The merits of the appeal

35.

There are several features of this extraordinary history which causes this court great concern. The conclusions reached by the European Court upon the internal workings of the Bulgarian criminal justice system, to which we have not referred in full in this judgment, are alarming. The prosecutor is himself a judicial authority. As the European Court noted, Prosecutor General Filchev was more senior in rank to some of those magistrates and judges serving on the Judicial Council whose responsibility it was to investigate his fitness for office. There is an abundance of evidence which casts doubt about the independence of the investigative and prosecuting process from the personal will of the Prosecutor General who undoubtedly had a personal interest in it. It is not necessary for this court to make any assessment of the credibility of the evidence. An undeniable conflict arose because the Prosecutor well knew of the allegation that he had been publicly implicated in the murder of one of the alleged (and now deceased) conspirators. The fact that the Georgieva investigation file commenced with a “top secret” restriction meant that the investigation itself was secret. By the time the file was declassified, many of the witnesses at whose interviews the defence would have been entitled to attend had already provided their evidence. One legal source in Bulgaria has stated that papers are missing from the original file, an eventuality which could not be explained by “mere recklessness”. There was an abundance of evidence which would have required any competent investigator to investigate a possible link between the killings of Mr Kolev and Ms Georgieva. It is, to this court, no surprise that the Divisional Court in 2009 concluded that the prosecutor was acting in bad faith. None of the later events which we have described provides any reassurance either that the prosecution is being conducted in good faith or that a fair trial is now possible.

36.

We have noted, with concern, the conclusion of the European Court that the underlying problem appears to have been a system of immunity for prosecutors and the centralised power of the Prosecutor General which created an institutional reluctance to pursue any investigation in the direction of a prosecutor suspected of corruption or worse.
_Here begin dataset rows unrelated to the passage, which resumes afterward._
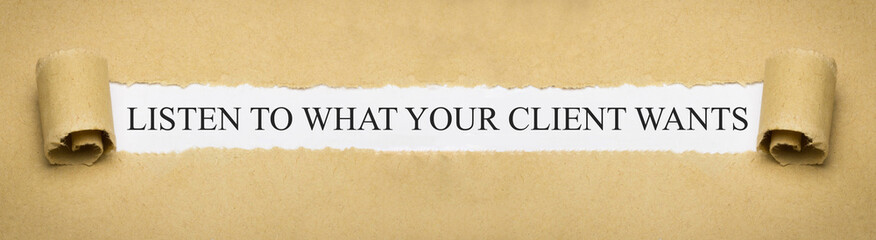listen to what your client wants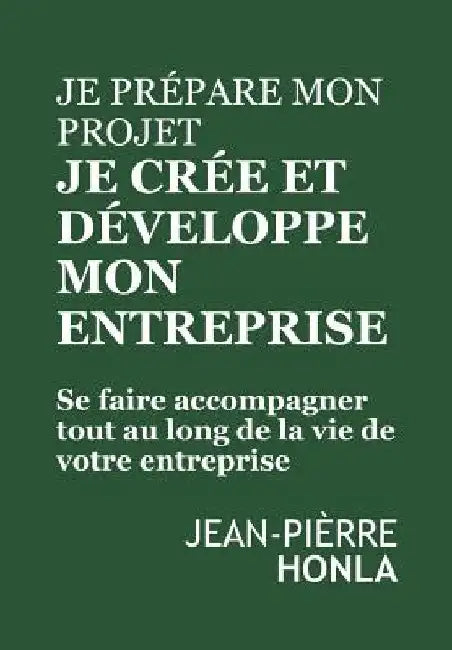 Je Prépare Mon Projet, Je Crée Et Développe Mon Entreprise: Se Faire Accompagner Tout Au Long de la Vie de Votre Entreprise by Honla, Jean-Pierre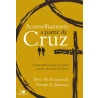 Aconselhamento a partir da Cruz | Elyse M. Fitzpatrick | Dennis E. Johnson 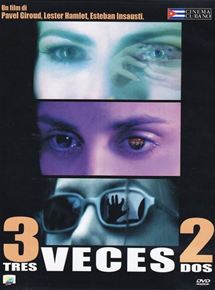 Affiche du film Tres veces dos (2004) de Esteban García Insausti,Pavel Giroud,Lester Hamlet Affiche du film Tres veces dos (2004) de Esteban García Insausti,Pavel Giroud,Lester Hamlet. Voir Tres veces dos en streaming / torrent sur meilleurs-films.fr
It is an unfortunate feature of the political temperature generated in part by Prosecutor General Filchev that there has been a public display of enmity and recrimination between different factions of the political and judicial systems in Bulgaria which have done nothing to reassure this court that the failings in the original investigation have any prospect of remedy. We recognise the authority of the view of this court in Symeou that allegations of bad faith in the investigation of an offence and prosecution of a suspect are ordinarily matters for the court in the requesting stateabout which the requested court will make no examination. Confidence will be reposed in the independent judiciary of a party to the Framework Decision to make an Article 6 compliant inquiry into the matters raised. We fully expect that the facts of this case are wholly exceptional. A finding of bad faith has already been made by the Divisional Court for reasons which were fully expressed. We consider that the Sofia City Court owed to the United Kingdom a mutual obligation of respect. Had this court received any meaningful recognition by the issuing authority of the court’s concerns in 2009 it might have been in a position to repose some confidence in the good faith of the present request. The Sofia Court cannot have been under any misunderstanding as to this court’s concerns and the need to respond to them. We do not consider that this is a case in which the abuse argument strays outside its permissible ambit. We are not persuaded that the Senior District Judge had any better reason to accept the good faith of this prosecution than did the Divisional Court in 2009. We accept that this latest request was an abuse of the process of the court. For this reason we dismiss the appeal.